Edited on: September 30, 2025
Posted on: September 24, 2025

Munkee79
Possesseur vérifiéJeux: 534 Avis: 32
Wears rapidly thin.
As the game opens and you have your initial few encounters with The Monster, the atmosphere in this is fantastic. And for as long as The Monster exists primarily as an indeterminate threat to police and punish your general noise pollution, it's a perfectly decent threat factor with which to throttle your forward progress and set an oppressive mood. The issue is that the further you get into the game, the more readily it begins to spawn in for no particular rhyme or reason, at which point your options are basically to hide somewhere and cross your fingers that you don't run afoul of the dice roll that determines if The Monster idly decides to just completely destroy your hiding place or not. A physical encounter with it will seemingly 4 out of 5 times lock you into an instadeath animation, while there's the odd instance where you might be able to get away with just one bad laceration if you're nimble enough. There are wonderfully tense encounters with this thing... spaced out amidst another half-dozen encounters where I just die instantly or twiddle my thumbs in the corner for 5 minutes waiting for it to despawn because it's untenable to waste the resources that are required to manually drive it off, and attempting to accomplish anything while it's present is tantamount to suicide with how abruptly it can relocate itself from point A to point B. It's the classic problem of overexposure.

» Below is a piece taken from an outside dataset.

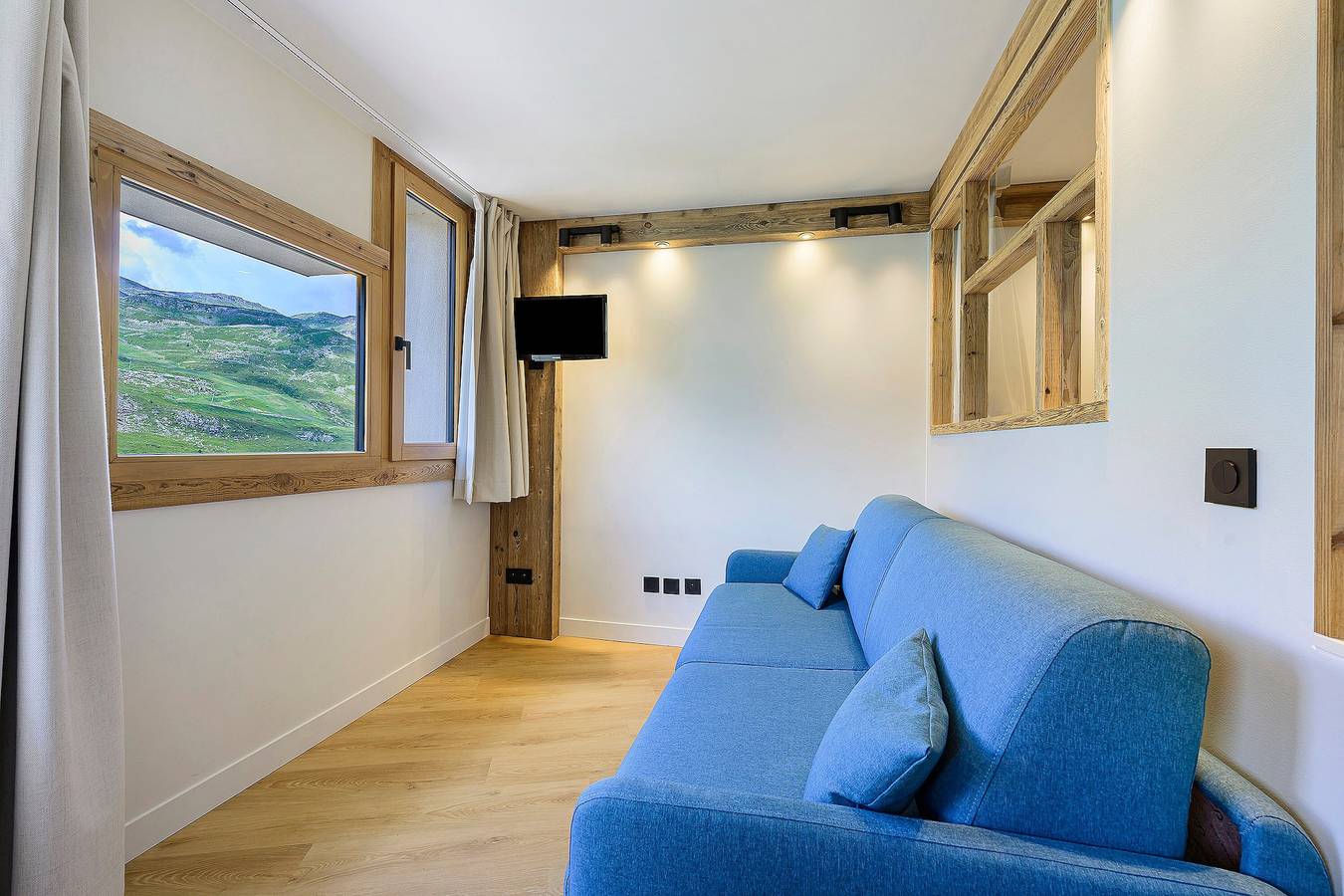 Apartamento entero, Apartamento Le Panorama Des Pistes con vistas a la montaña y balcón in Saint-Martin-de-Belleville, Massif de la Vanoise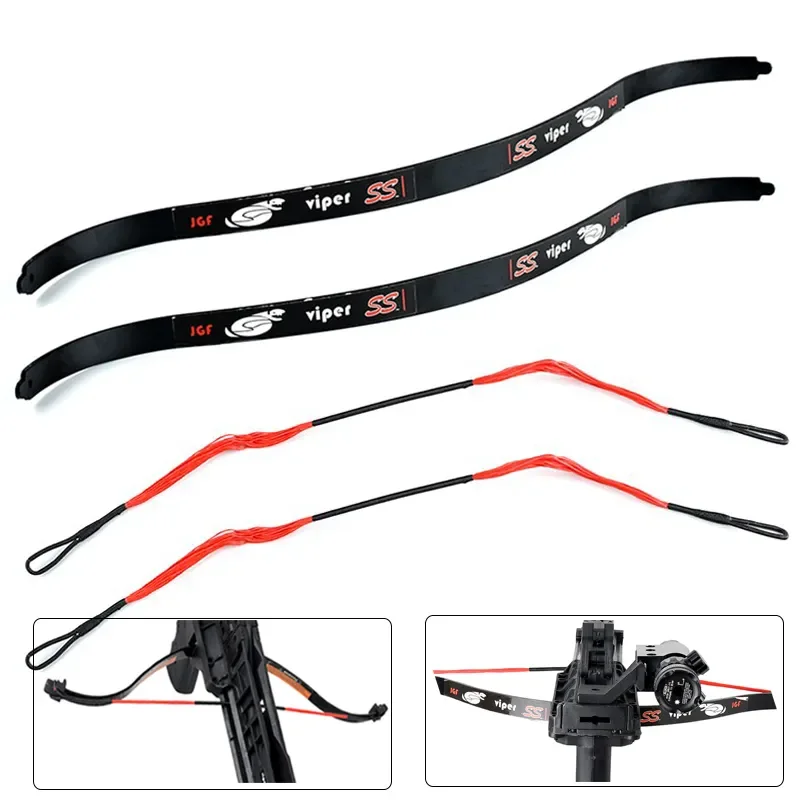 

Cross Crossbow 60/70LBS Pound Bow Plate Shooting Fish Bow String 24 Strands 16.73in Outdoor Hunting and Shooting Accessories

The threat of death and lost progress is scary. Actually dying and losing progress over and over, or alternatively cowering in the dark motionless for several minutes at a time, is not. I spend more time doing either of those than actually making forward progress. I get why it's happening; the map is remarkably small and the game would probably be over inside of an hour or two if The Monster didn't make such a constant insufferable nuisance of itself. The best part of the game is ironically right before the endgame where you're suddenly able to briefly visit a new setpiece free of your usual antagonist's omnipresent bother. It's still a fairly novel gameplay loop. It was an interesting experiment. I just don't think it worked very well.